Wednesday, May 26, 2004
Given the importance of the Council’s planning function I was disappointed that to-nights meeting was attended by less than half the Council and even some of these left before the end! However I suppose I should be the last to complain about the few who left early as I was about 30 minutes late arriving as I’d been held up by a telephone call from a local resident who had a pressing housing problem.
In the end I think the event got across some messages. In fact the 15 minutes left for questions at the end was perhaps the most enlightening, as quite a few new Councillors asked some quite searching questions.
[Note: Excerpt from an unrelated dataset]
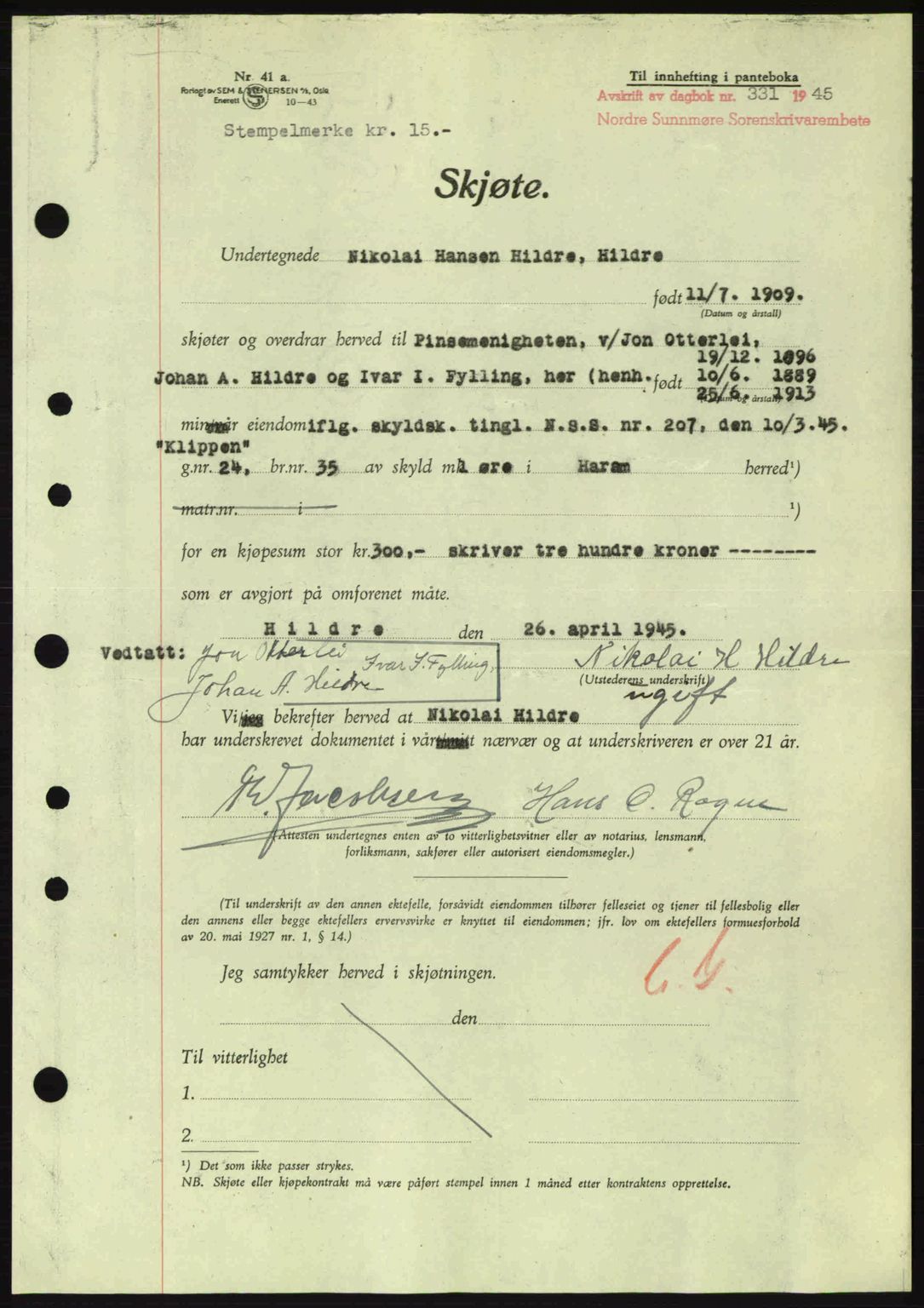 Nordre Sunnmøre sorenskriveri, AV/SAT-A-0006/1/2/2C/2Ca: Pantebok nr. A19, 1944-1945, Dagboknr: 331/1945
It was interesting to watch the faces of some of them as the penny began to drop and I’m quite sure they will approach future planning meetings in a different way.
However I even more convinced that some of the decisions taken by the Council over the past few months are questionable and that some Councillors have sailed very close to the wind or indeed have crossed the line when they voted on some applications. I’ve already raised the matter with the Chief Executive and are now more determined than ever to take the matter further. The Borough Solicitor, who presented part of the evening suggested that the Council could be left open to judicial review or an investigation by the ombudsman if the Councillors did not follow the rules. It looks as if this is the route I now need to follow!
Monday, May 24, 2004
Towards the end of the meeting the position of the Village handyman was discussed. At the last meeting the Council appointed the Chairman and Vice Chairman to form a panel to interview applicants for the vacant handyman post. Well tonight they reported on the outcome of those interviews, which was perhaps a bit late as the new handyman was cutting the grass outside the Village Hall while the meeting was taking place.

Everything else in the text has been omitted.